# Supplement suggestions for my new diet.



## event462 (Feb 11, 2014)

Hey guys I've got a few questions because so far everyone here has been giving me great advice. So for the last few days I've changed my eating habits completely. Now all I eat  are lots of chicken, lean organic red meats, huge salads dry and lightly steamed veggies. I'm keeping my carb intake to 50 or less grams a day and I usually get that from a protein shake. For supplements I take a multivitamin, fish oil, a probiotic pill and baby aspirin to thin my blood. I weight 300lbs right now with my goal being 250lbs. At that weight I'm still a little fluffy but really strong with great cardio. My question is what supplements should I take? I want to get way leaner before I start my first cycle and I'm not sure what supplements would be best for me. My goal is a strong core with explosive power and good endurance.


----------



## PillarofBalance (Feb 11, 2014)

That diet sounds awful brudda... You need fats.  If you have no fats and 50g of carbs you are gonna feel like shit. You won't have energy to train.  Add in some olive oil to vinegar and pour over the salad. Have some egg whites fried in coconut oil in the morning.  Add the coconut oil to your shakes.  With only 50g carbs per day you will go into ketosis so you'll need fats and plenty of them.  Just watch the total calories per day.

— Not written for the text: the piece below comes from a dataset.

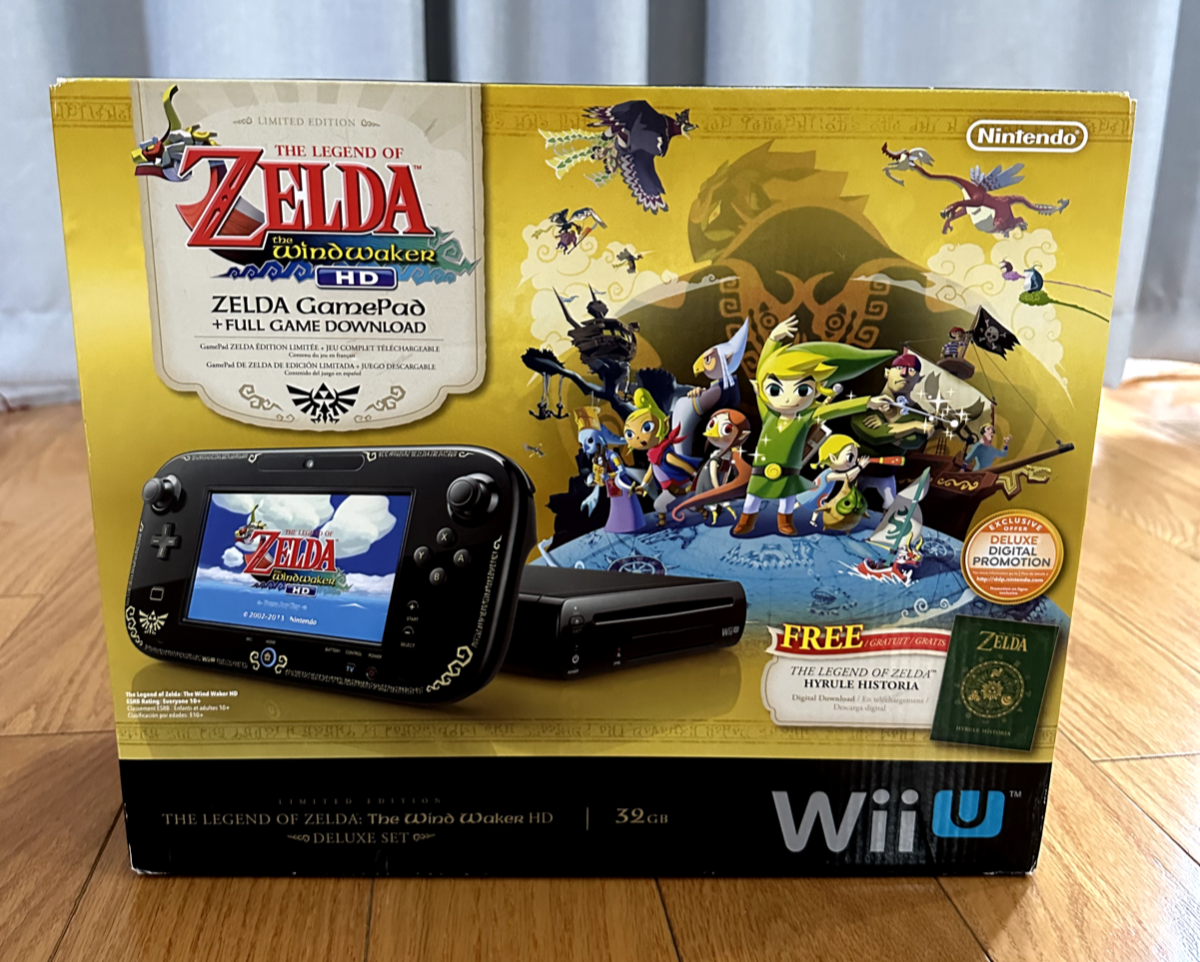 Best Buy: Nintendo Wii U Deluxe Set with The Wind Waker WUPSKAFL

As for a supplement I would suggest ephedrine, and some pre-workout stuff like jack3d and agmatine (my favs) to help with the pumps. On low carbs you won't get much of a pump without them.  A good quality blended protein powder post workout would be great. Something with whey and casein is what I have been using. Its a bit more filling than a typical whey isolate powder.


----------



## event462 (Feb 11, 2014)

PillarofBalance said:


> That diet sounds awful brudda... You need fats.  If you have no fats and 50g of carbs you are gonna feel like shit. You won't have energy to train.  Add in some olive oil to vinegar and pour over the salad. Have some egg whites fried in coconut oil in the morning.  Add the coconut oil to your shakes.  With only 50g carbs per day you will go into ketosis so you'll need fats and plenty of them.  Just watch the total calories per day.
> 
> As for a supplement I would suggest ephedrine, and some pre-workout stuff like jack3d and agmatine (my favs) to help with the pumps. On low carbs you won't get much of a pump without them.  A good quality blended protein powder post workout would be great. Something with whey and casein is what I have been using. Its a bit more filling than a typical whey isolate powder.



I'll definitely take your advice on the fried eggs. As far as  jack3d and agmatine, can I get them at a nutrition store or do I need to order them online? I'm willing to spend at least $100 a month for supplements. I figure the sooner I get back into shape to start sparring again, the sooner I car realistically start my first cycle.


----------



## Onrek (Feb 11, 2014)

I agree with PillarofBalance's suggestion. Stock up on fats, you need them. You definitely can't go 100% lean protein. Not only does your body need those fats, but your brain requires a good amount of fats to properly function as well.


----------



## PillarofBalance (Feb 11, 2014)

event462 said:


> I'll definitely take your advice on the fried eggs. As far as  jack3d and agmatine, can I get them at a nutrition store or do I need to order them online? I'm willing to spend at least $100 a month for supplements. I figure the sooner I get back into shape to start sparring again, the sooner I car realistically start my first cycle.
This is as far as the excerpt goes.